Geser ke Ducati Tidak Bagus untuk Mental Fabio Quartararo

Posted on

 

Manager pribadi Fabio Quartararo, Eric Mahe, mengatakan jika bertahan di Yamaha serta tidak geser pabrikan, dapat memberi efek positif buat psikis serta mental client-nya di MotoGP 2021. Ini dia berikan dalam wawancaranya dengan GPOne, pada Kamis (14/5/2020).

Terakhir, Mahe banjir pujian sebab sukses menolong El Diablo memperoleh YZR-M1 spesifikasi pabrikan paling baru untuk 2020, dan memperoleh kontrak Yamaha berdurasi 2 tahun untuk Quartararo di Monster Energy Yamaha, untuk alternatif Valentino Rossi, pada 2021 serta 2022.

“Taktik fundamen kami ialah menanti, sebab Fabio sedang bertumbuh. Jadi akan bodoh bila tanda-tangan kontrak pada September (2019). Awalannya, saya menggerakkan Yamaha untuk sediakan motor pabrikan untuk 2020 sebab kami memerlukannya untuk menang, ” tutur Mahe.

Taktik Penting: Tidak Geser Pabrikan

Mahe menyebutkan negosiasi di antara Quartararo, serta Yamaha sudah berjalan semenjak November 2019, serta pada akhirnya ke-2 faksi capai persetujuan yang dipublikasikan di akhir Januari kemarin. Mahe mengatakan jika dia benar-benar berusaha supaya Quartararo tidak jatuh ke naungan team lain.
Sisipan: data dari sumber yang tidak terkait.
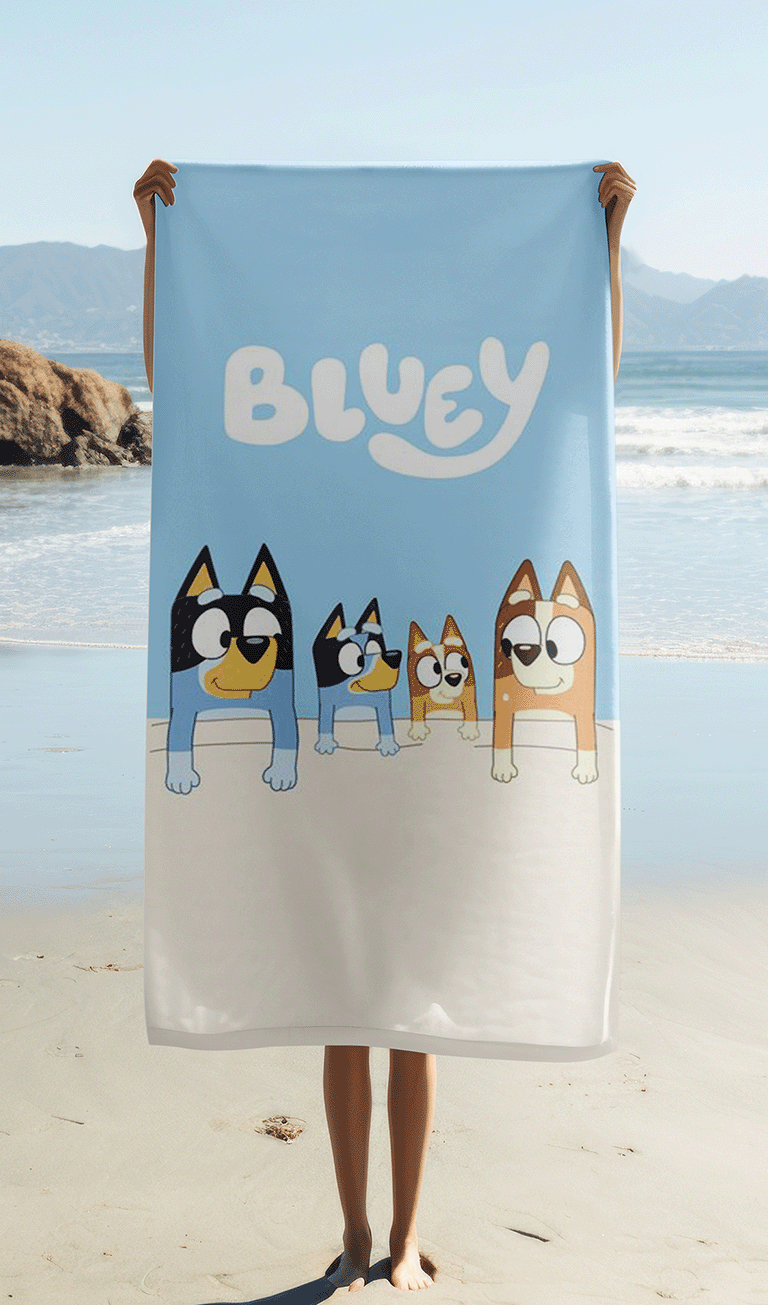 Das Bluey Strandtuch wird von einer Person am Strand hochgehalten, sodass das Motiv vollständig sichtbar ist. Im Hintergrund sind der Sandstrand, das Meer mit leichten Wellen, Felsen und eine hügelige Küstenlandschaft unter blauem Himmel zu sehen.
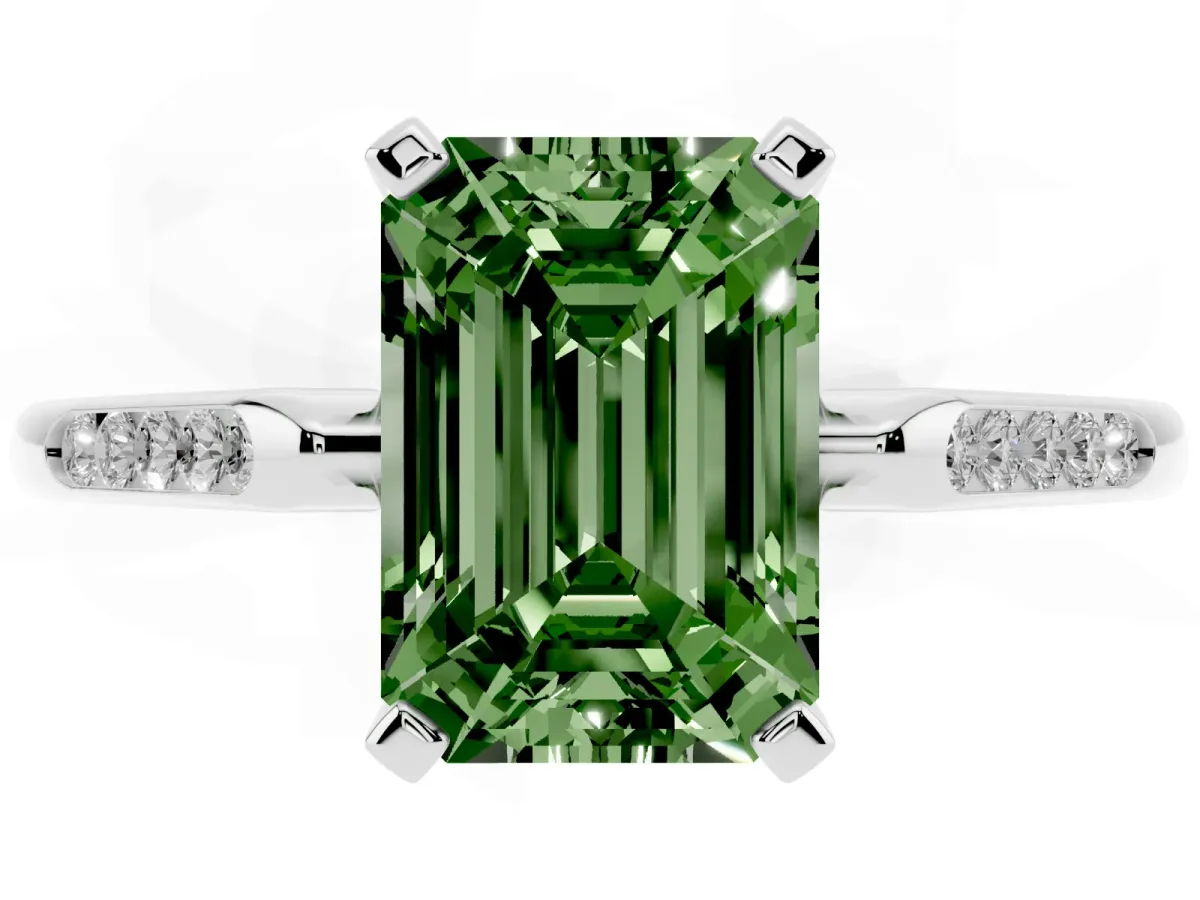 Fancy Green Emerald Cut Diamond Solitaire Ring with Channel Set Round Band and Prong Setting Silver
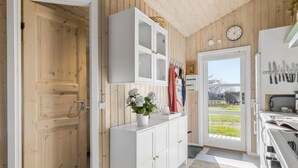 Une cuisine avec des murs en bois, un meuble blanc, une horloge et une vue sur l’extérieur.
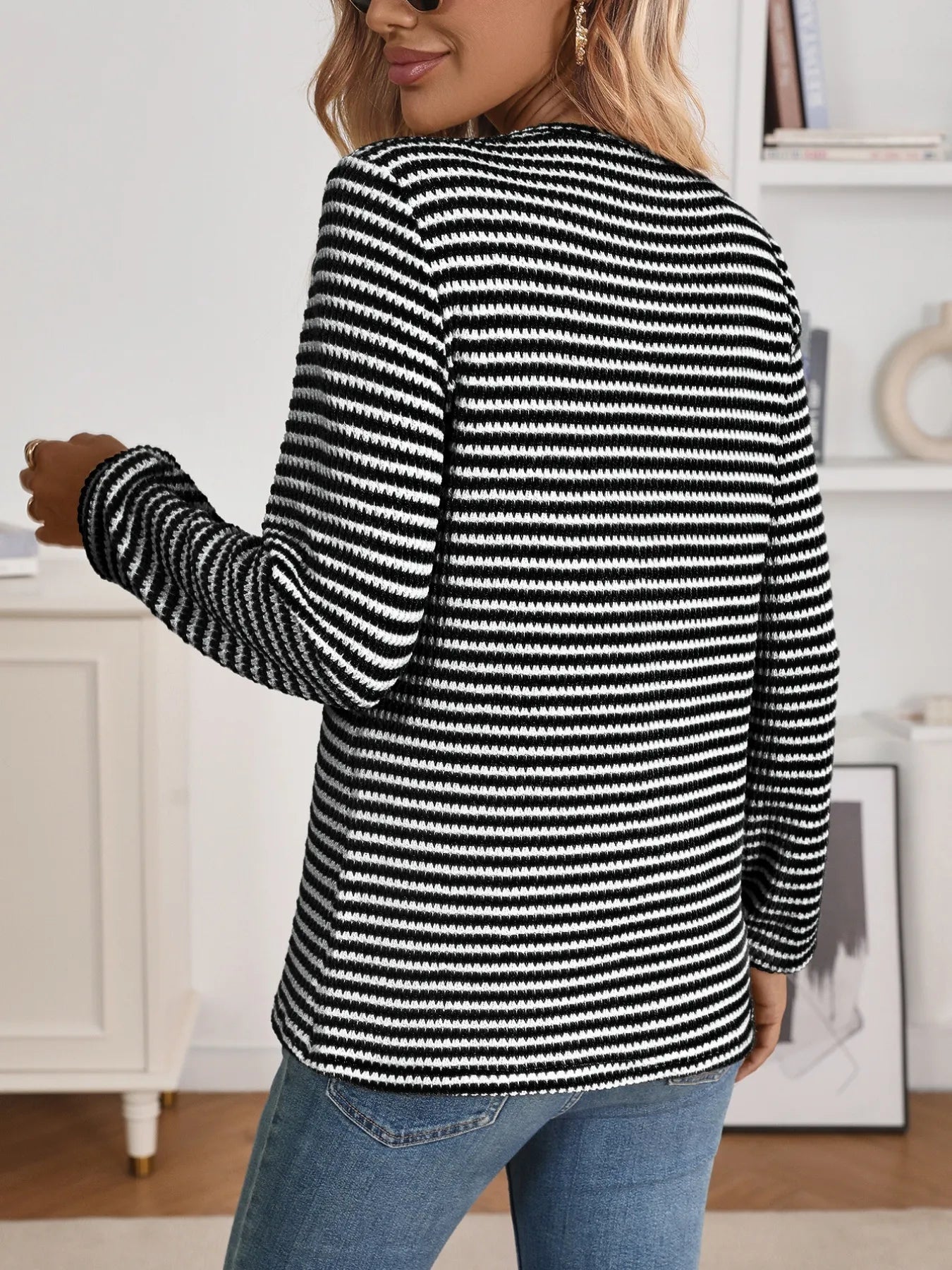 person wearing a long sleeve striped blouse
“Kami bersabar serta pada akhirnya capai persetujuan yang termasuk juga peralihan ke team pabrikan pada 2021 serta 2022 selesai dua bulan usaha keras. Taktik kami ialah tidak geser pabrikan, tetapi menanti peristiwa yang pas untuk mengambil ketetapan. Kami juga benar-benar senang berdasar hasil ini bersama-sama Yamaha, ” katanya.
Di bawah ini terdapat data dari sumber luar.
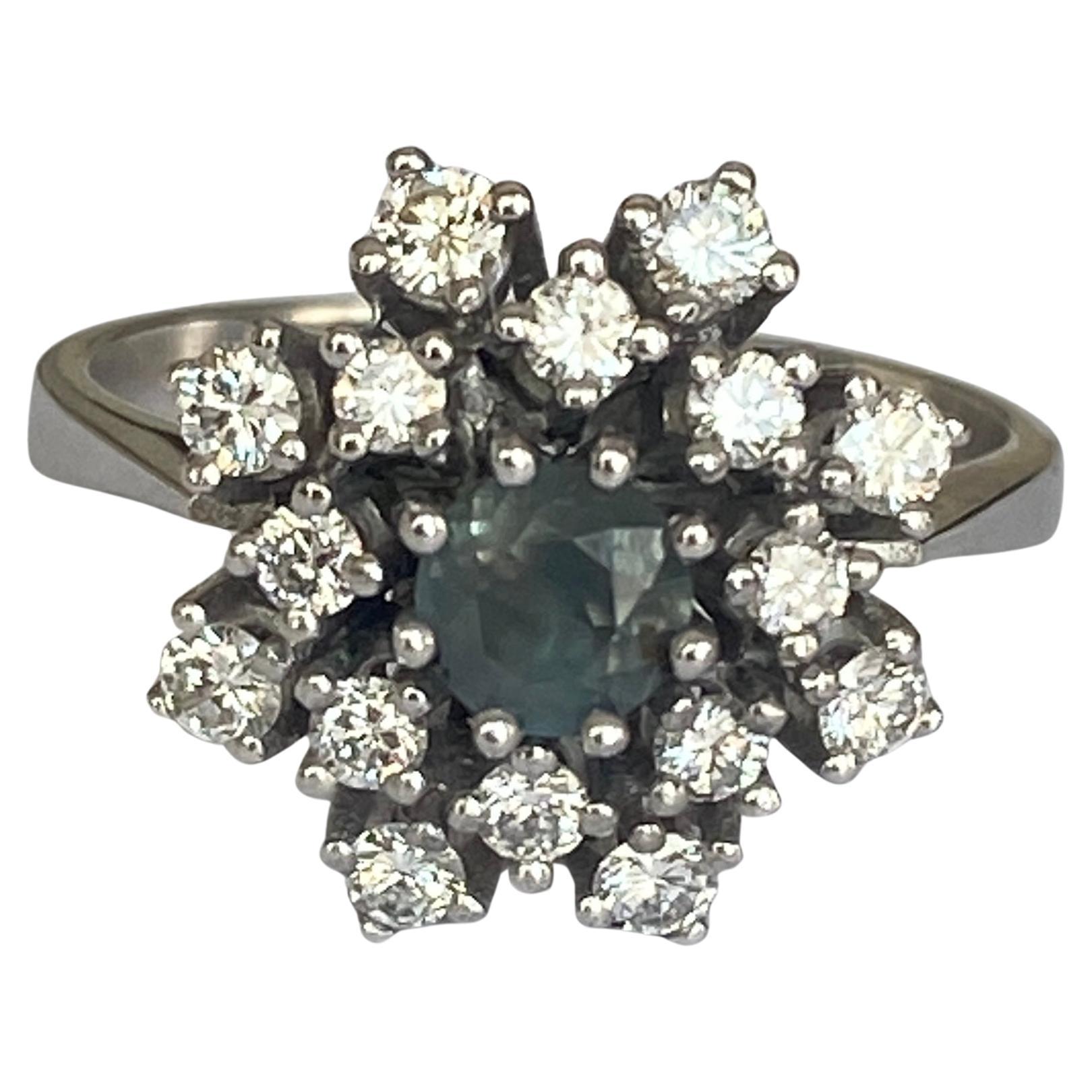 Dieser Ring aus 14-karätigem Weißgold enthält einen natürlichen Alexandrit von 0,60 Karat im Mischschliff, der von 16 Diamanten im Brillantschliff von ca. 0,70 Karat G/VVS/VS umgeben ist. Die Farbe des Steins wechselt von grün zu violett.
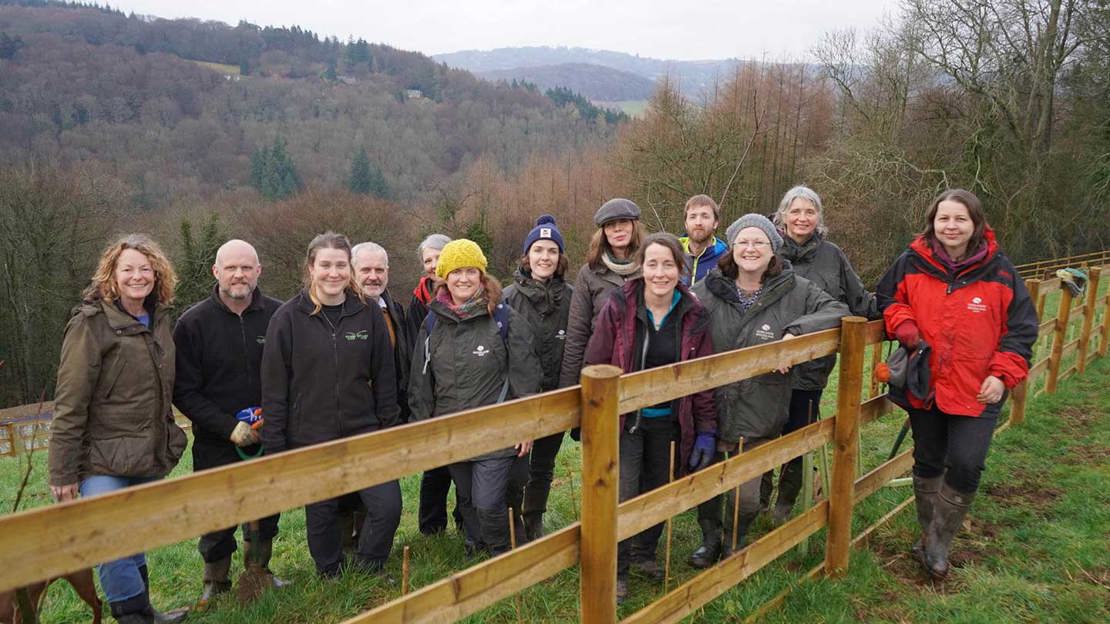 A group of Woodland Trust staff and Kate Humble standing behind a fence at the top of a sloping field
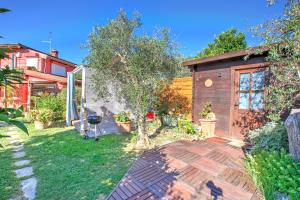 a backyard with a wooden shed and a garden at Casa Fra Gli Ulivi with Private Pool - Chicca in Ameglia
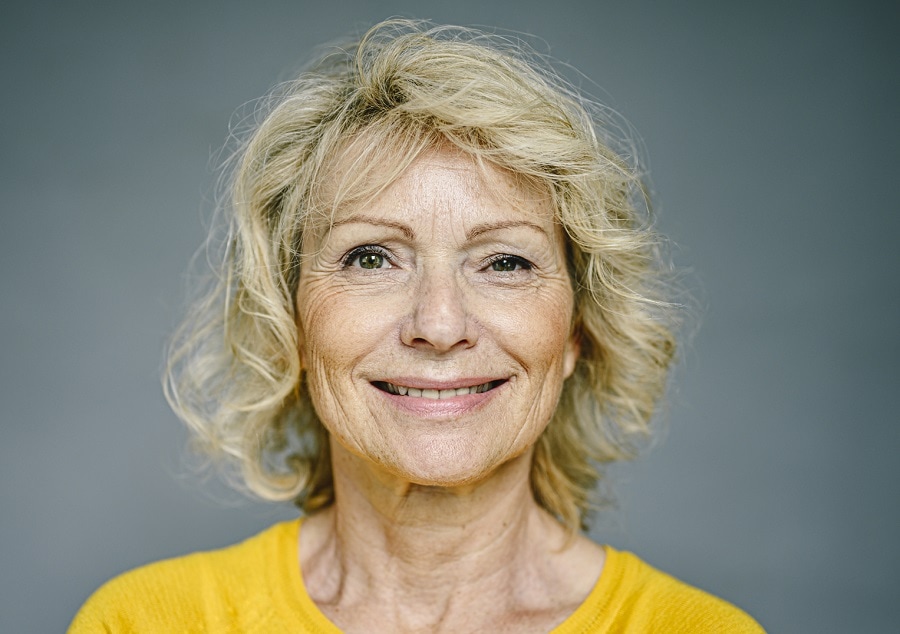 woman over 60 with medium permed hairstyle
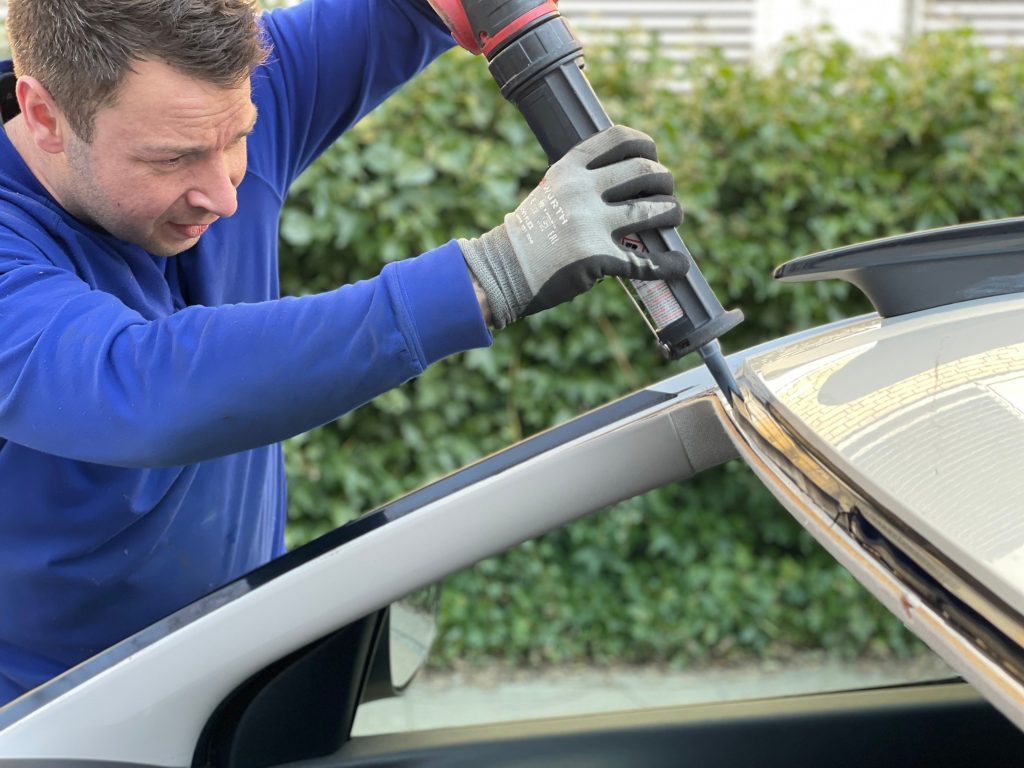 Service worker putting new adhesive onto the windshield area to replace the old windshield.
Turuti Perkembangan Alami, Tidak Perlu ke Ducati

Mahe tidak mengingkari ada minat Ducati pada Quartararo, walau menyebutkan jika negosiasi mereka tidak sampai ke step serius. “Kami bicara dengan Ducati, tetapi tidak ada penawaran nyata, ” papar pria yang manager pribadi Loris Baz ini.

Menurut dia, geser ke Ducati tidak pas dilaksanakan oleh Quartararo yang masih tetap berumur 21 tahun serta baru saja turun di MotoGP. Dia percaya, pembalap Prancis itu telah memperoleh jalan yang baik serta setahap untuk jadi pembalap papan atas kelak.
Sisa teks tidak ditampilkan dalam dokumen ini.